Sometimes the lodging industry can feel like an epic battle between David (small independent hotels) and Goliath (mega-chains with recognizable logos and uber-deep pockets), but there’s one area in which boutique hotels have a distinct advantage. While hotel chains have to manage franchisees and create branding and marketing guidelines to ensure cohesion and consistency, boutique owners aren’t bound by such restrictions.
Hoteliers should take the time to create an out-of-the-box experience that speaks to guests throughout their booking process, stay, checkout, and beyond. Below are three ways hoteliers can deepen this connection with guests.
1Find and Highlight Key Differentiators
There are approximately 9,832 boutique hotels in the United States, but none of them are quite alike. What sets a property apart from the competition? Perhaps it’s the garden out back that infuses a hotel’s farm-to-table room service menu with flavor, or the fact that a property caters to romantic getaways with welcome packages of sparkling wine, strawberries, and sleigh rides for two in the wintertime.

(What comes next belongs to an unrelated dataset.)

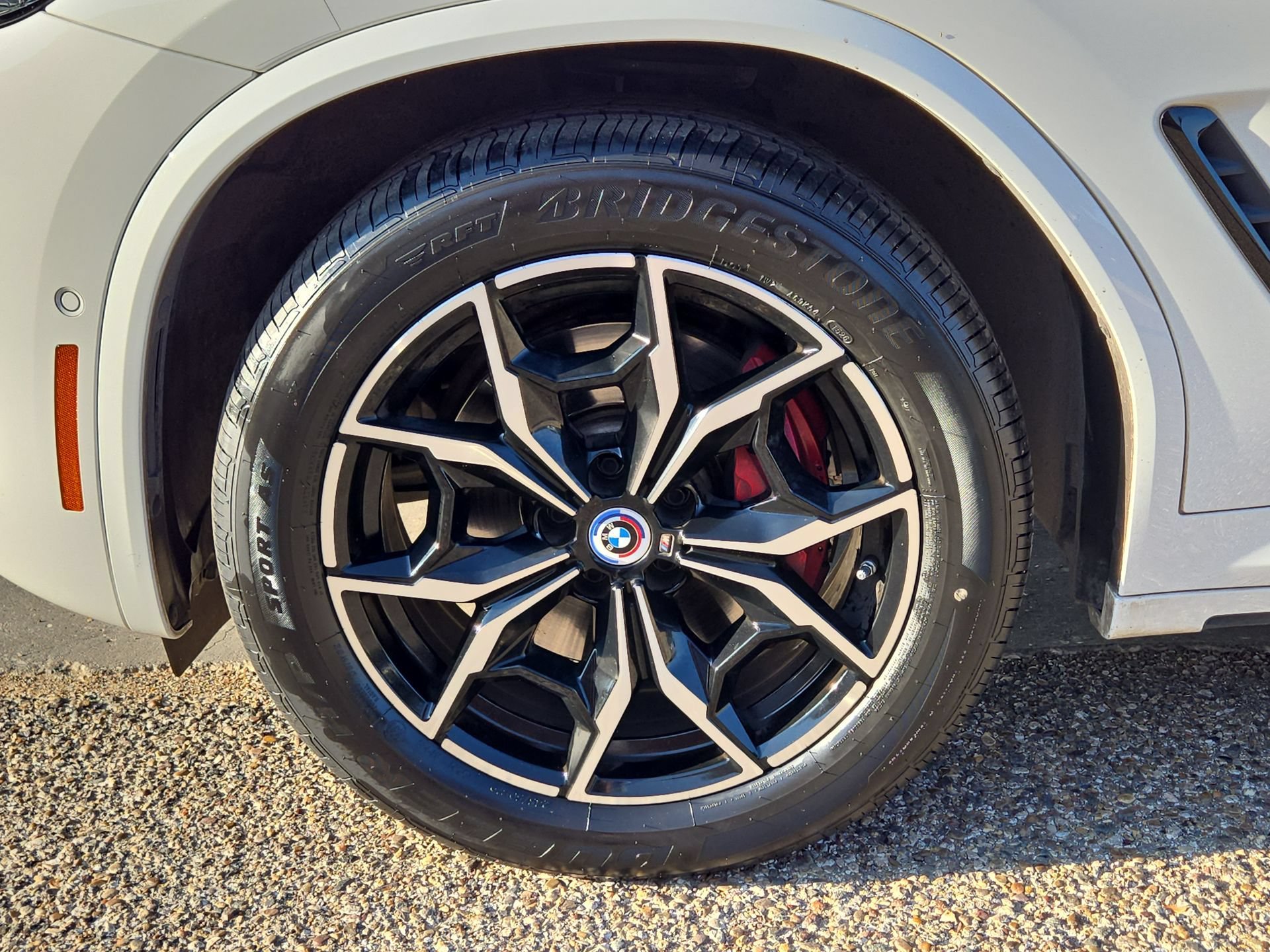 Used 2023 BMW X4 M40i AWD/4WD image 11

To identify what makes a property different, look to the guests. See what they talk about on social media, ask repeat customers why they keep coming back, then play up the thing everybody loves so even more people can benefit.
2Offer Personalization Whenever Possible
A study by Evergage found that 72 percent of marketers already customize their email campaigns, 57 percent continue that personalization via the company website, and a significant percentage also tweak web-based and mobile apps to adapt to consumer preferences. And according to Epsilon research, 80 percent of consumers report that they are more likely to patronize brands that offer personalized experiences.
For instance, hotel staff can use guests’ names whenever possible. Put it on their room service tray, use it to confirm reservations, add it to promotional emails, and tuck a personalized welcome note in with the room key. When someone books a room, email a thank you note along with a guide to the area and a link to a short questionnaire asking them about their preferences. Use their answers to recommend activities or services, send enticing discounts, or set up their room with allergen-free soaps before they even have a chance to ask. Use technology to keep a database of preferences. Every time a guest returns, gather more intel to help understand them better.
Imagine the feeling a guest gets when they stay at a hotel for the fifth time and the room service chef already knows to leave the black pepper off the scrambled eggs and the morning paper is delivered before their 7 a.m. wakeup.
3Employ Sensory Marketing
Sight, smell, taste, touch, sound—each of the five senses plays an important role in how guests perceive every single thing they encounter. Create an immersive experience by evoking emotion whenever and wherever possible. That could mean offering aromatherapy in guest rooms, swapping out cheap bathrobes for ones woven from Turkish cotton, or stationing a piano player in the lounge to play standards for guests enjoying a pre-dinner drink.
Hospitality is not a formulaic industry but one that relies on executing a series of touchpoints. Focus on creating experiences guests not only won’t forget, but that they’ll eagerly share with the world.